Data provided →
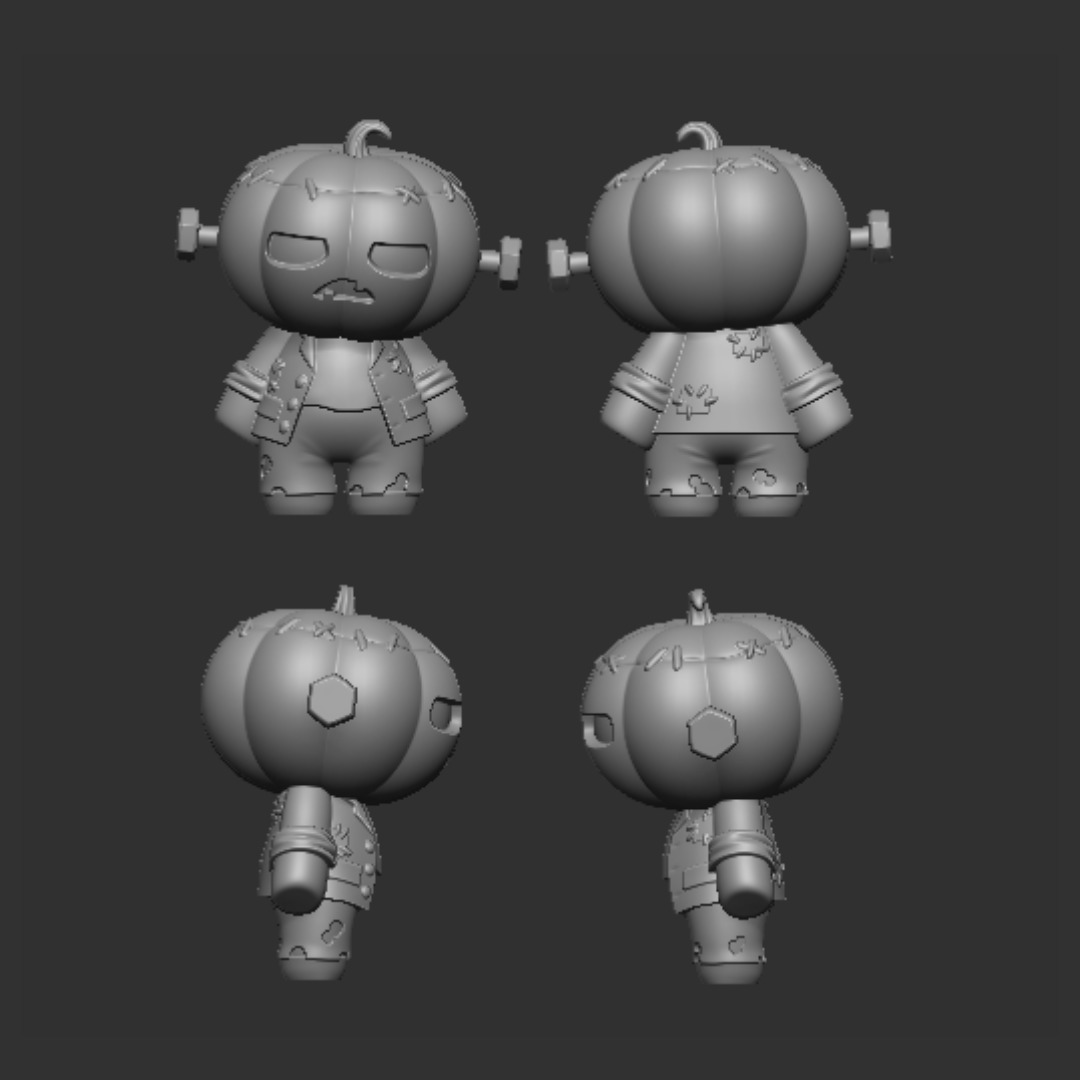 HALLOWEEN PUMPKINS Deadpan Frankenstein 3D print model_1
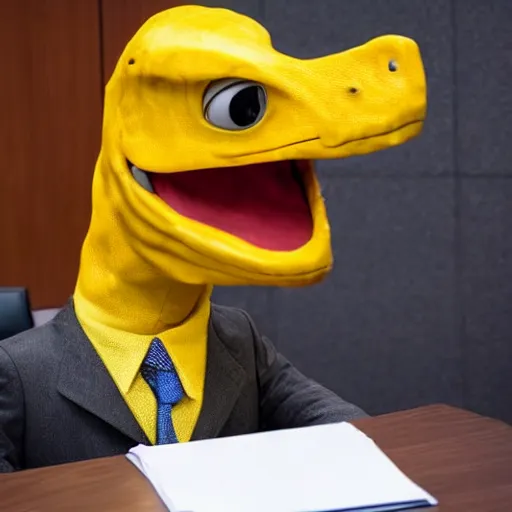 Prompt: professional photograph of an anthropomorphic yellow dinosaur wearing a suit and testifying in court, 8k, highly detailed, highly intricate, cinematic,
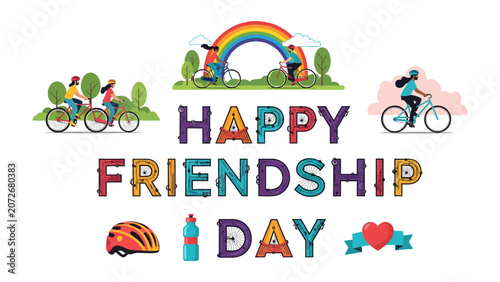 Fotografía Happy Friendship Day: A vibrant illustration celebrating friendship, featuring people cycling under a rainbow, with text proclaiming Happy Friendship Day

Required action →
Omit the pictures, then print the rest of the listing above exactly.

Exercise response →
 HALLOWEEN PUMPKINS Deadpan Frankenstein 3D print model_1
 Prompt: professional photograph of an anthropomorphic yellow dinosaur wearing a suit and testifying in court, 8k, highly detailed, highly intricate, cinematic,
 Fotografía Happy Friendship Day: A vibrant illustration celebrating friendship, featuring people cycling under a rainbow, with text proclaiming Happy Friendship Day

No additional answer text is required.